Anderson continued his various board and community work, including a decade as chairman of the Cincinnati Stock Exchange, a director of Command System Inc., Lebanon Steel Foundry, Gateway Investment Trust, and "” not incidentally "” a board position at one Children's Hospital from 1979 to 1996.

It was in 1996 when Children's began its search for a new CEO to replace the retiring Dr. William K. Schubert. They picked Anderson. What the heck happened?

"I clearly lost control of the search committee," he jokes of the time now. The committee and the executive recruiting firm looked at hundreds of possibilities before turning their eyes inward to a longtime trustee who was not even a physician: James Anderson. "It was a surprise to me, too," he shrugs.

Board leaders had ultimately agreed the best decision was to take the opportunity of the vacancy and split the job of CEO in half; the chairman of the department of pediatrics is now the top doc. "We were reluctant to split it apart. But clearly it was the right decision. They are two huge jobs."


Anderson's private of-fice is adrift in sailing memorabilia: Photos of family and friends out on his boat, renderings and models of watercraft, memories of ports in Newport, R.I., and Maine, and more. His 45-foot yawl is the love of his life after his wife, Marge "” a pastor at St. Paul's Lutheran Church in Reading "” and children: James Jr., a lawyer in Pittsburgh who defends death-row inmates; Joseph, a pediatrician in Belfast, Maine; Hill, a second-year business school student at the University of Texas at Austin; and Dargie, a second-year graduate student at the University of Michigan in poetry.

Hmm. A lawyer. A pediatrician. A budding business leader. Only the poetry thing can't be attributed to Anderson as a role model.

Anderson leans over a conference table, and his chicken-and-fox tie becomes pronounced. Any symbolism here we should know about? "No," he laughs. "I got it at some international airport. At a discount."

And if you didn't think by now this guy's an overachiever, note that he's served as mayor of the Village of Indian Hill, resident of the Eastern Central Region of the Boy Scouts of America, a trustee of the Cincinnati Museum of Natural History, and a member of the Hamilton County Airport Authority.


"This is a very entrepreneurial place," Anderson says. "Everybody is on the same page, that we are building something and doing something for kids. It's very exciting."
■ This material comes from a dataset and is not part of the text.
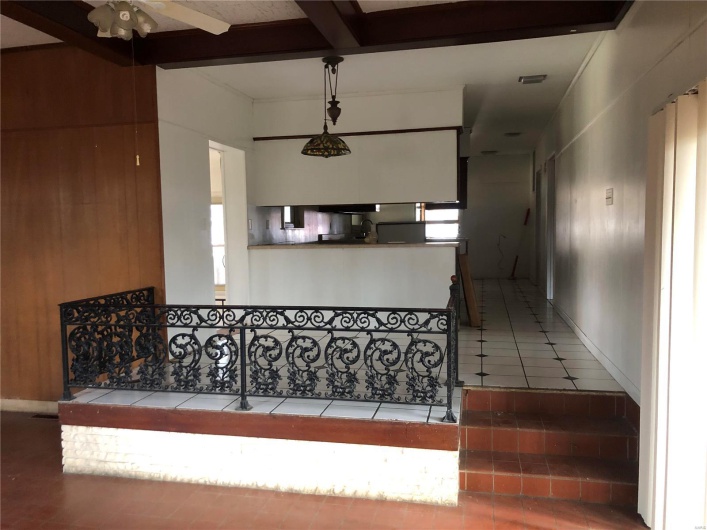 208 Cleveland, Malden, Missouri 63863, 3 Bedrooms Bedrooms, 6 Rooms Rooms,2 BathroomsBathrooms,Residential,For Sale,Cleveland,MAR24075197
Anderson says his goal for the future is to trigger a "massive migration" from the model of hospital care being dependent on individual heroics to system-delivered, reliable, high-quality care. And "to oversee a convergence of technology and massive medical knowledge, to produce better outcomes, better diagnoses. It's truly a shifting of tectonic plates, and we are on the frontier. It's a huge undertaking, a huge cultural change.

"My position for the organization for the next few years is this notion of the transformation of health care," he promises. "In the next five years, this place will execute its mission with a great deal more reliability, safety, and parent-centeredness than we ever have."

Any final words?

"This is the first hospital I have worked in," Anderson is quick to say. "And it will be the last."